Start of Dataset
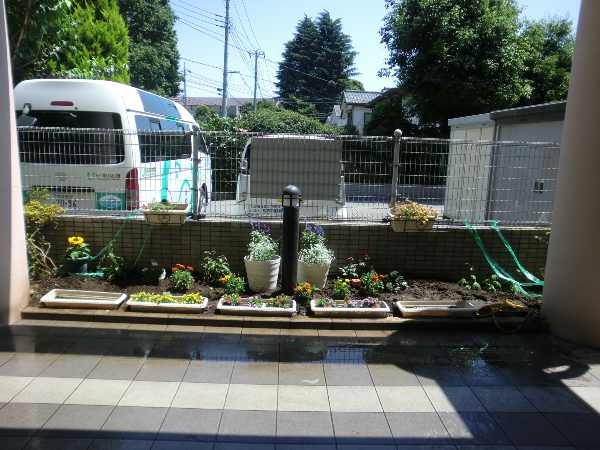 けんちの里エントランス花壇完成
End of Dataset
Start of Dataset
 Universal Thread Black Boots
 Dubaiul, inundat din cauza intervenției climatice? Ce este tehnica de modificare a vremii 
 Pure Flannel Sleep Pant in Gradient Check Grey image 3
End of Dataset
Start of Dataset
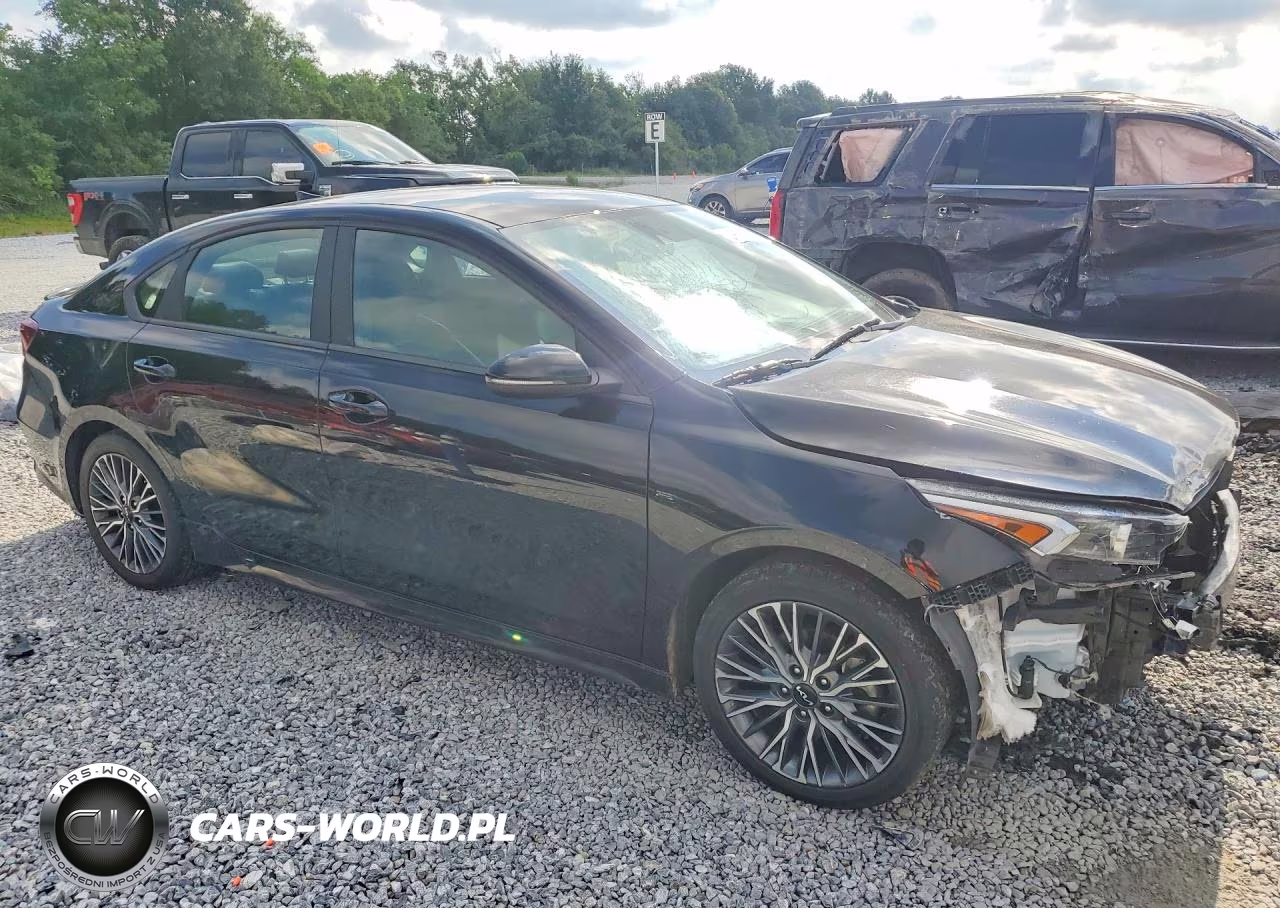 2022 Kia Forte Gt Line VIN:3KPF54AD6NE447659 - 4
End of Dataset
- **Your task**
Reproduce exactly the section above that begins at the line containing "Universal Thread Black Boots" and ends at the line containing "Pure Flannel Sleep", leaving out all other lines.

- **Answer for the task**
 Universal Thread Black Boots
 Dubaiul, inundat din cauza intervenției climatice? Ce este tehnica de modificare a vremii 
 Pure Flannel Sleep Pant in Gradient Check Grey image 3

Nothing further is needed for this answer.